- **Instructions for the task**
The answer is the exact run of lines in the listing below from the line containing "Haden Heritage 1.7L" up to and including the line containing "Từ trái sang: Mathias", with pictures removed.

- **Records shown**
==============================

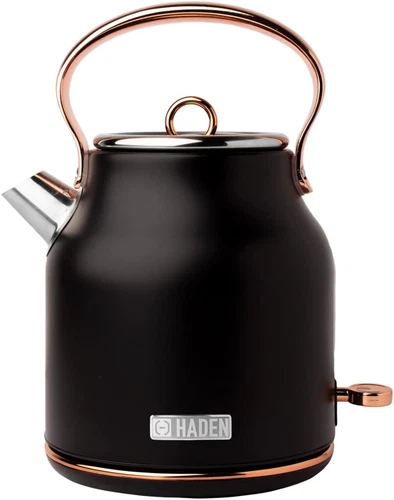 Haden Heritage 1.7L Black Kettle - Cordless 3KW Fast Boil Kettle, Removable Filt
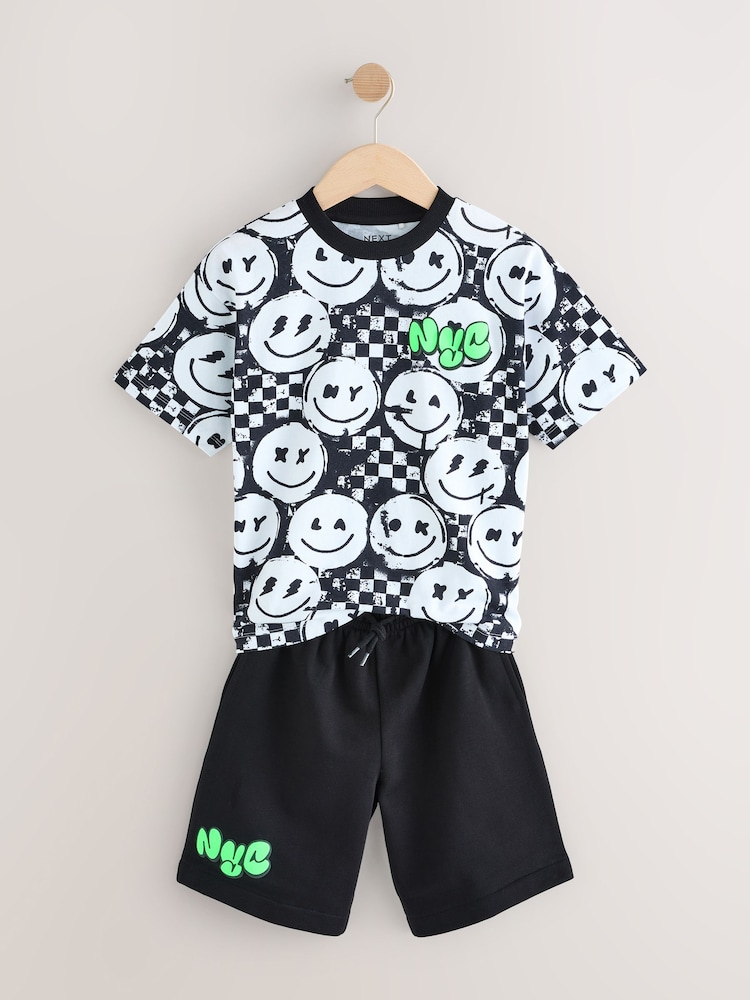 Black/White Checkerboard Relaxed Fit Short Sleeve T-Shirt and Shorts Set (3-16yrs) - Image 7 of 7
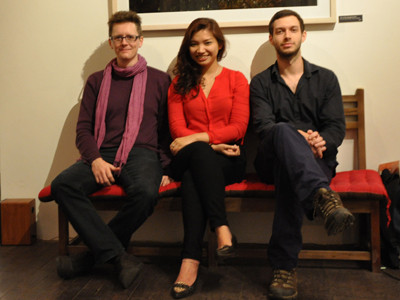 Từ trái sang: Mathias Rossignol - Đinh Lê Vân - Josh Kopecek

==============================

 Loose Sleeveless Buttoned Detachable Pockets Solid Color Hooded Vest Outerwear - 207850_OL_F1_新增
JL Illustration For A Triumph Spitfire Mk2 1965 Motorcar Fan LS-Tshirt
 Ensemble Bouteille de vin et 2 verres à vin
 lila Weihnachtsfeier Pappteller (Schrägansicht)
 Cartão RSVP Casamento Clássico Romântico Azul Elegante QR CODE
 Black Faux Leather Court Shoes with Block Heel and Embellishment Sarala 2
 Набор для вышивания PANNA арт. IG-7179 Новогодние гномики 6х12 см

==============================

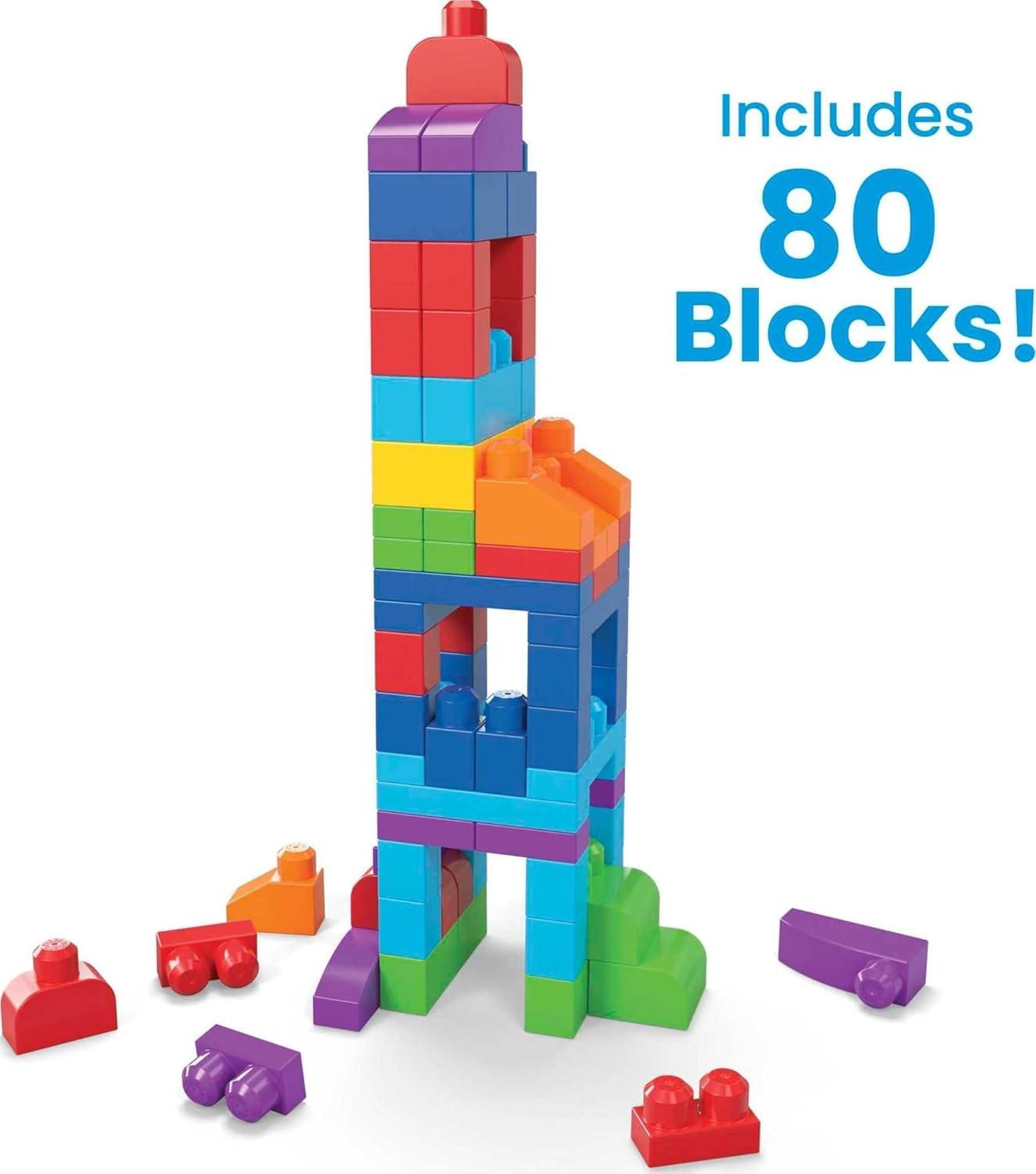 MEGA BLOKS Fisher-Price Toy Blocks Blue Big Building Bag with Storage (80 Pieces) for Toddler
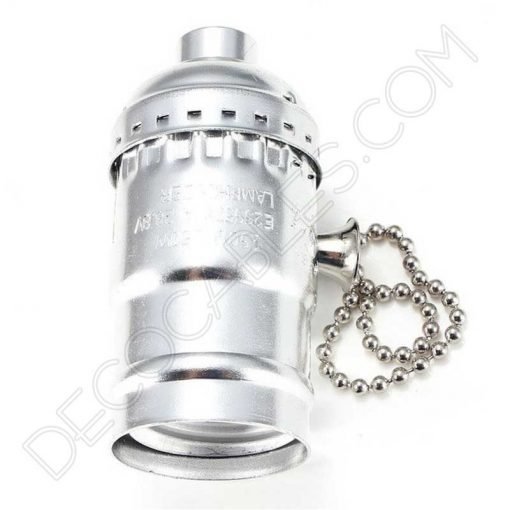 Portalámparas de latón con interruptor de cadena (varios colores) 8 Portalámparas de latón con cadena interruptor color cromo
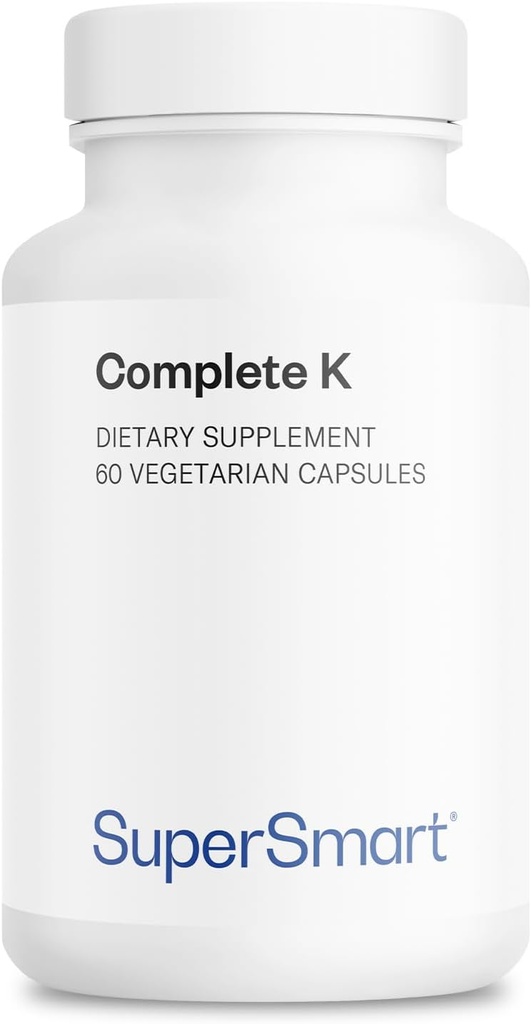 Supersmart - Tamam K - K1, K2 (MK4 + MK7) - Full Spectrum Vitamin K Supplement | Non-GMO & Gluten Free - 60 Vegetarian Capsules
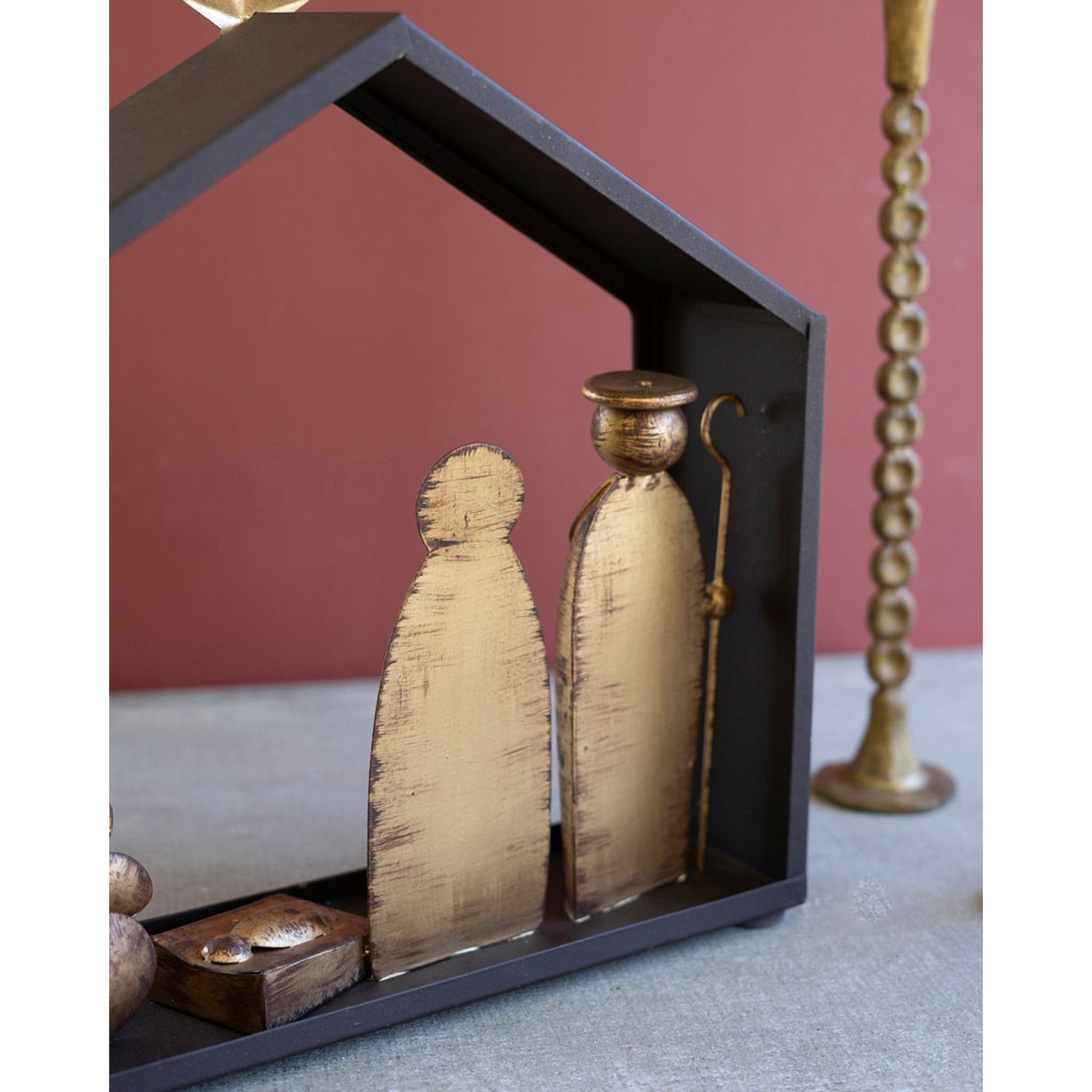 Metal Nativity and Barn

==============================

- **Problem solution**
 Haden Heritage 1.7L Black Kettle - Cordless 3KW Fast Boil Kettle, Removable Filt
 Black/White Checkerboard Relaxed Fit Short Sleeve T-Shirt and Shorts Set (3-16yrs) - Image 7 of 7
 Từ trái sang: Mathias Rossignol - Đinh Lê Vân - Josh Kopecek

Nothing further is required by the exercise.